* **Task to carry out**: Give again exactly the lines that run from the start of the records to the line holding "Nakışlı Kapşonlu Kimono-Siyah", both ends counted. Do not include the pictures.

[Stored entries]
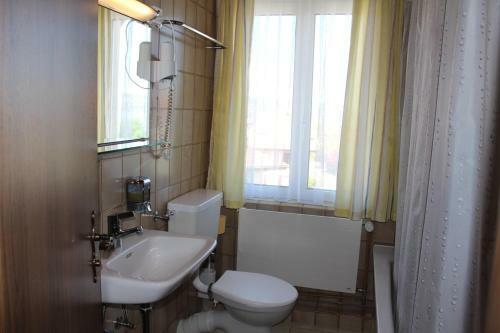 Hotel Gl�rnisch Hof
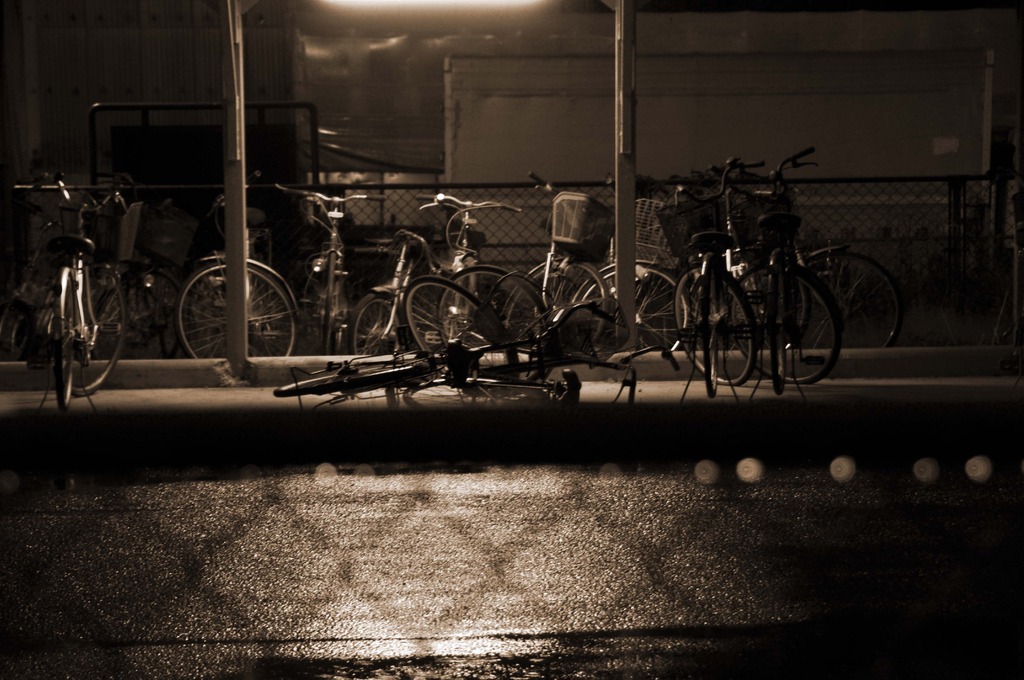 雨の駐輪場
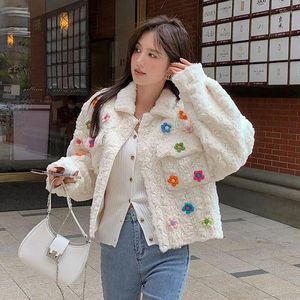 Women's Jackets Winter Lambswool Faux Fur Coat Color Contrast 3D Embroidery Flowers Wool Bomber Jacket Turn Down Collar Fleece Cardigan Tops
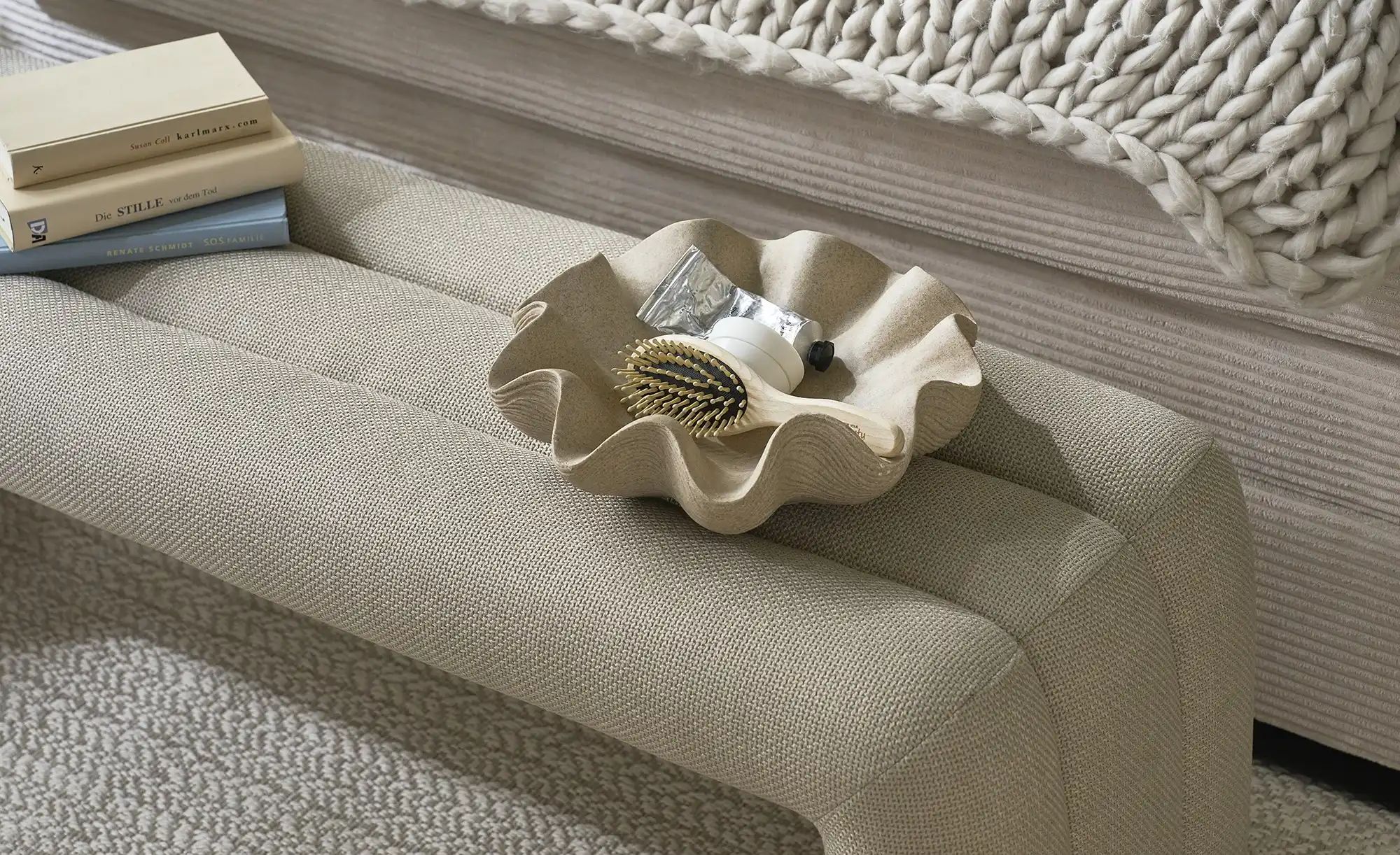 Thumbnail - HOME STORY Deko Schale   ¦ beige ¦ Polyresin (Kunstharz) ¦ Maße (cm): B: 33 H: 9 T: 32.0 Accessoires > Deko-Schalen - Hö...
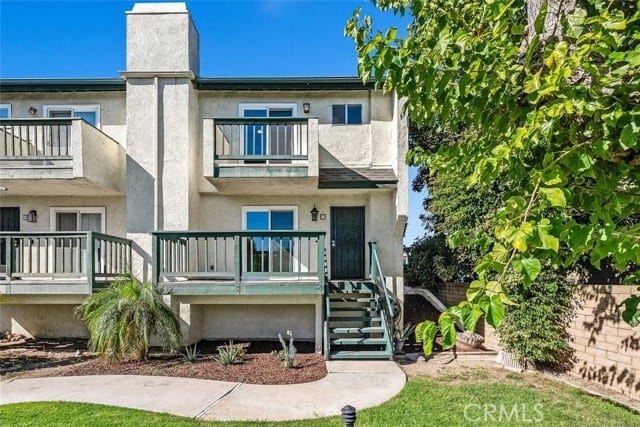 428 West 1st Street, Tustin, CA 92780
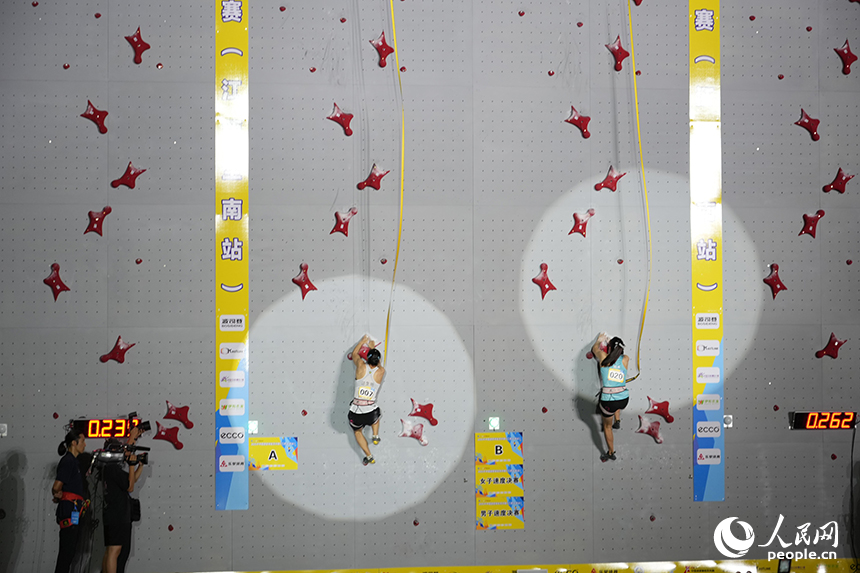 攀巖賽場之上，運動員正拼盡全力向上攀爬。 人民網 涂詩軒攝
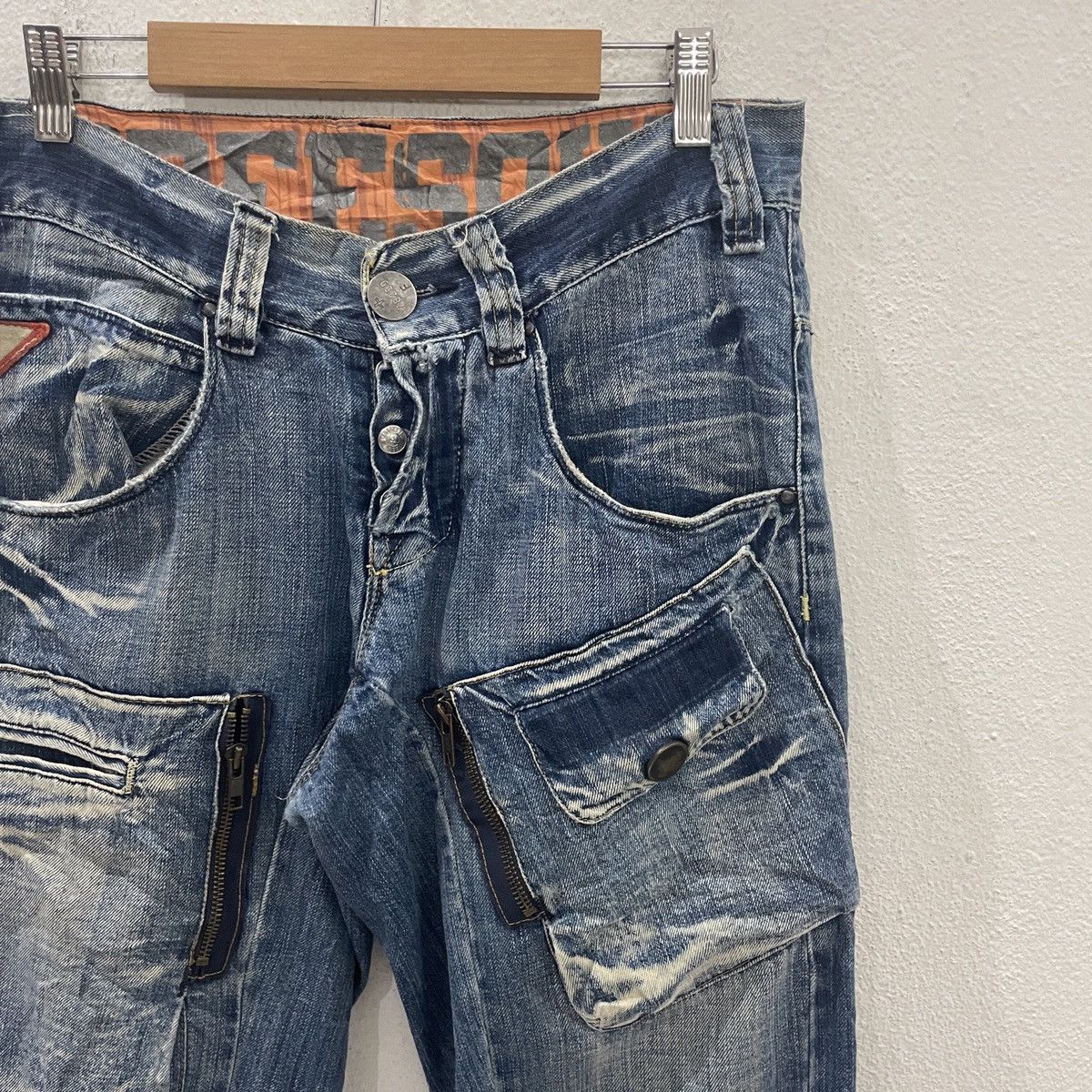 Japanese Brand Vintage Freesoul Tactical Distressed Denim Jeans Size US 32 / EU 48 - 2 Thumbnail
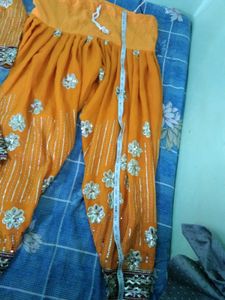 gol kurti with pathiyala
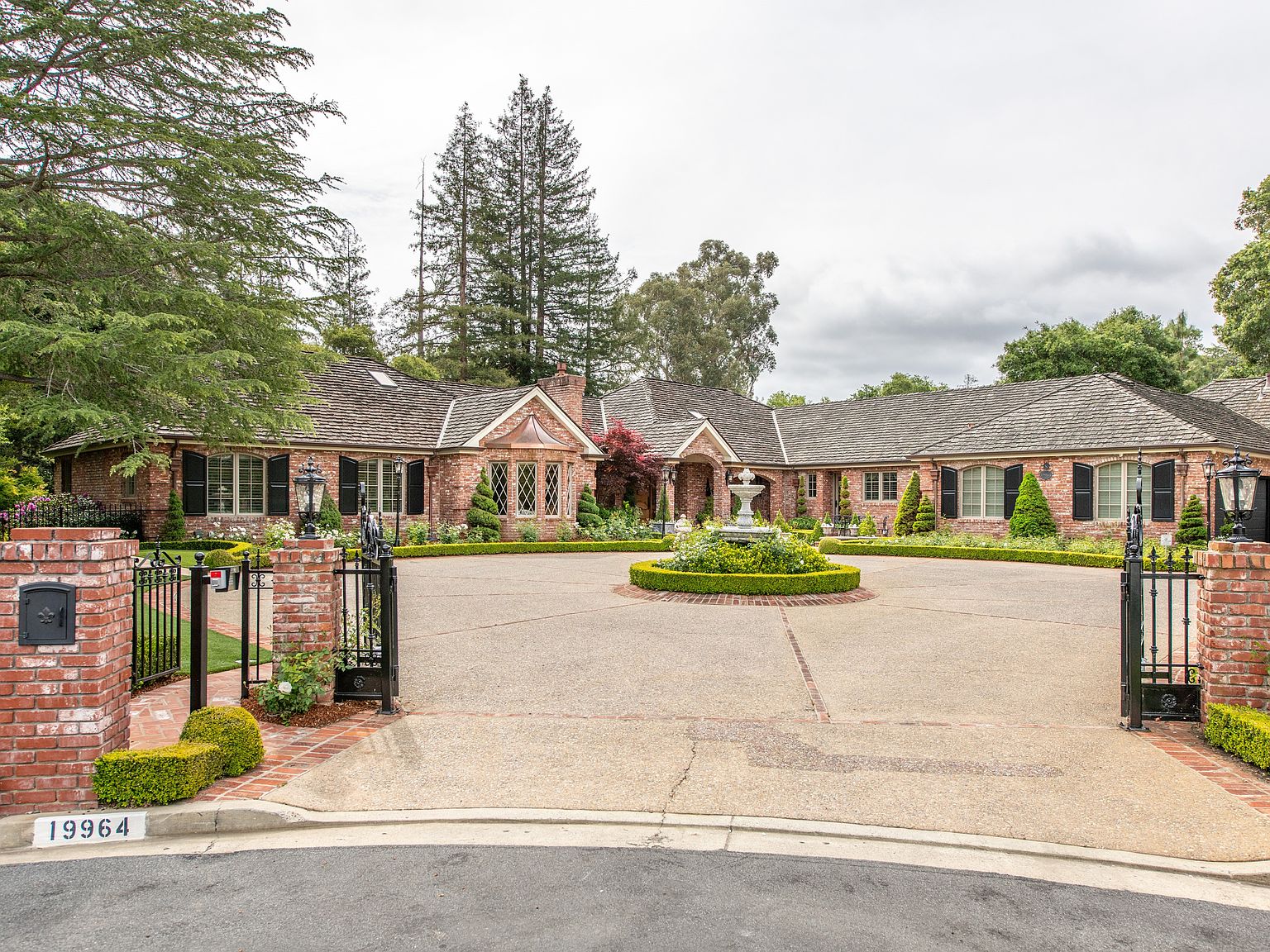 19964 Douglass Ln, Saratoga, CA 95070 Zillow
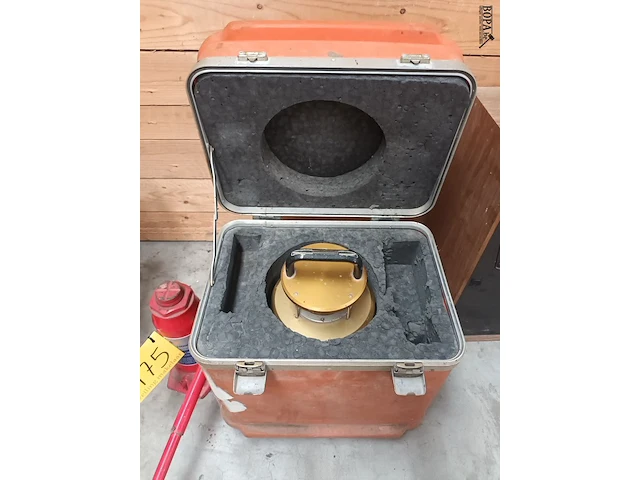 Lot 474 - ammann lasertoestel in koffer - afbeelding 3 van  5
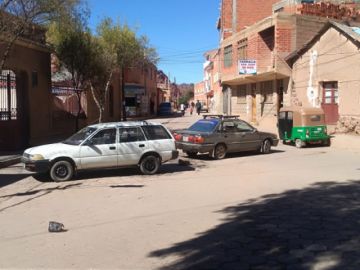 El bloqueo en la zona de la Terminal y Surtidor de la zona Sur. Fotos: Luis Sotomayor para El Potosí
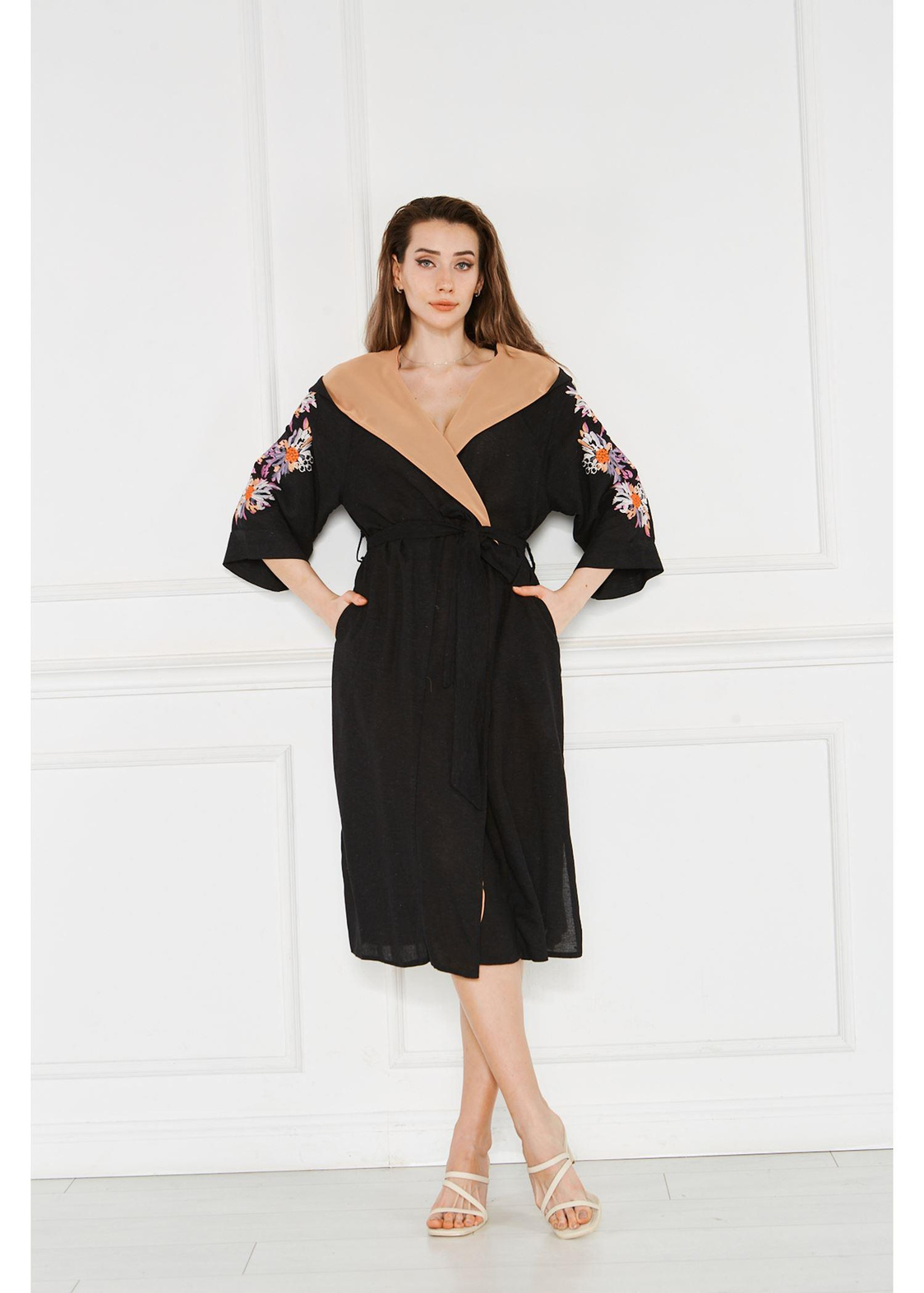Nakışlı Kapşonlu Kimono-Siyah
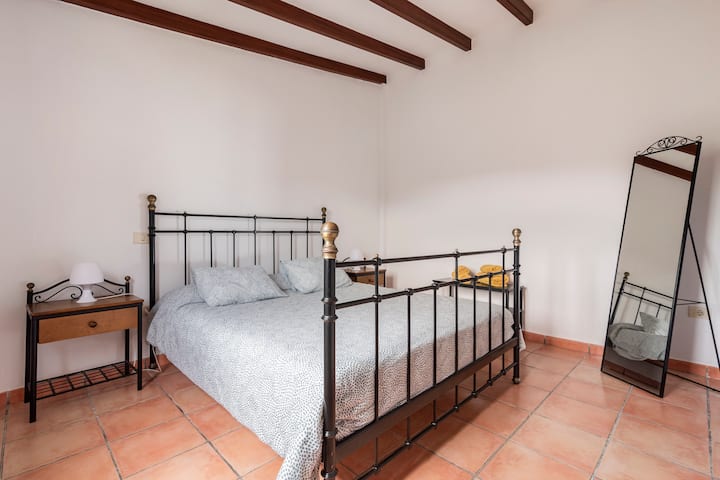 Bedroom with Double Bed - High Floor (2 people)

* **Result below**:
 Hotel Gl�rnisch Hof
 雨の駐輪場
 Women's Jackets Winter Lambswool Faux Fur Coat Color Contrast 3D Embroidery Flowers Wool Bomber Jacket Turn Down Collar Fleece Cardigan Tops
 Thumbnail - HOME STORY Deko Schale   ¦ beige ¦ Polyresin (Kunstharz) ¦ Maße (cm): B: 33 H: 9 T: 32.0 Accessoires > Deko-Schalen - Hö...
 428 West 1st Street, Tustin, CA 92780
 攀巖賽場之上，運動員正拼盡全力向上攀爬。 人民網 涂詩軒攝
 Japanese Brand Vintage Freesoul Tactical Distressed Denim Jeans Size US 32 / EU 48 - 2 Thumbnail
 gol kurti with pathiyala
 19964 Douglass Ln, Saratoga, CA 95070 Zillow
 Lot 474 - ammann lasertoestel in koffer - afbeelding 3 van  5
 El bloqueo en la zona de la Terminal y Surtidor de la zona Sur. Fotos: Luis Sotomayor para El Potosí
Nakışlı Kapşonlu Kimono-Siyah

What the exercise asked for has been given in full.